In contrast to Nixon's abuses of presidential power, the next two presidents, Gerald Ford and Jimmy Carter, cultivated reputations as honest, forthright leaders. Both were men of decency and integrity, but neither established reputations as strong, dynamic leaders. Although many Americans admired their honesty and sincerity, neither Ford nor Carter succeeded in winning the confidence of the American people. Moreover, neither administration had a clear sense of direction. Both Ford and Carter seemed to waffle on major issues of public policy. As a result, both came to be regarded as unsure, vacillating presidents.
A 13-term congressman from Grand Rapids, Michigan, Gerald Ford dismissed the possibility of pardoning Richard Nixon for his Watergate misdeeds, then changed his mind. In the realm of economic policy, he began by urging tax increases; however, he later called for a large tax cut. His energy policy was crippled by the same indecision. At first, he tried to raise prices by imposing import fees on imported oil and ending domestic price controls; then, he abandoned that position in the face of severe political pressure.

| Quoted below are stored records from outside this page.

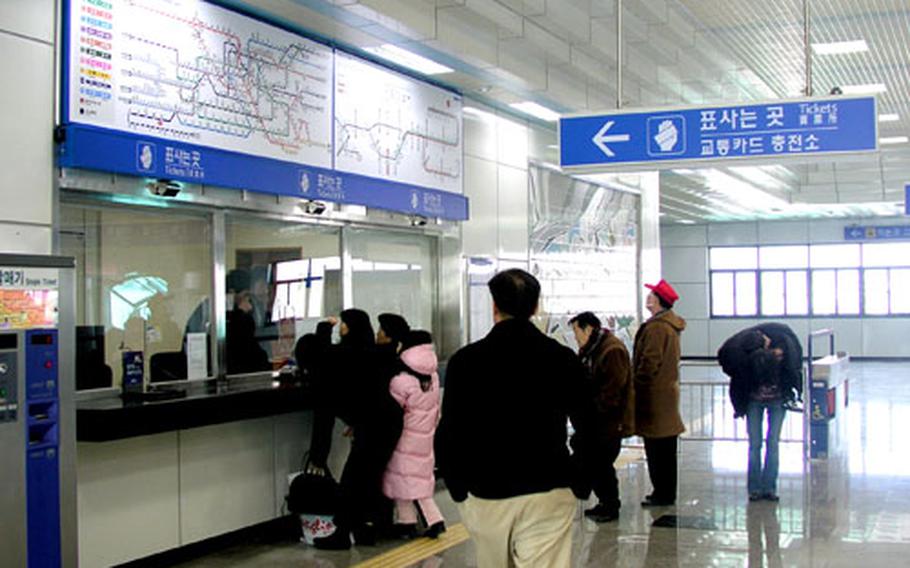 Patrons buy train tickets on the first day of Metro subway service in Songtan, near Osan Air Base in Pyongtaek, South Korea, in January. Since then, base officials have begun weekend subway trips in which they take servicemembers on trips to key cities and points of cultural interest in the region.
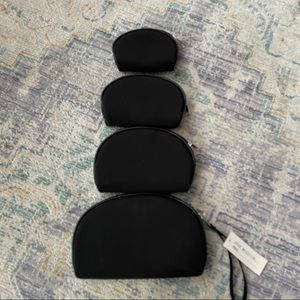Set of 4 cosmetic bags in black with zippers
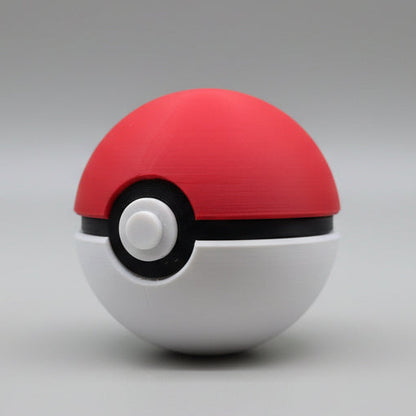 Angled side view of a 3D printed Pokéball showing the red dome, black band detail, and circular white button.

Carter, too, suffered from the charge that he modified his stances in the face of political pressure. A two-term Democratic governor from Georgia who defeated Ford in the 1976 presidential election, Carter came to office determined to cut military spending, to call for the abolition of nuclear weapons and to withdrawal of American troops from South Korea. By the end of his term, however, Carter spoke of the need for sustaining growth in defense spending, upgrading nuclear forces in Europe, and developing a new strategic bomber.
Both men were described as "passionless presidents" who failed to project a clear vision of where they wanted to lead the country. But in their defense, both faced serious problems, ranging from dealing with rising oil prices to confronting third-world terrorists.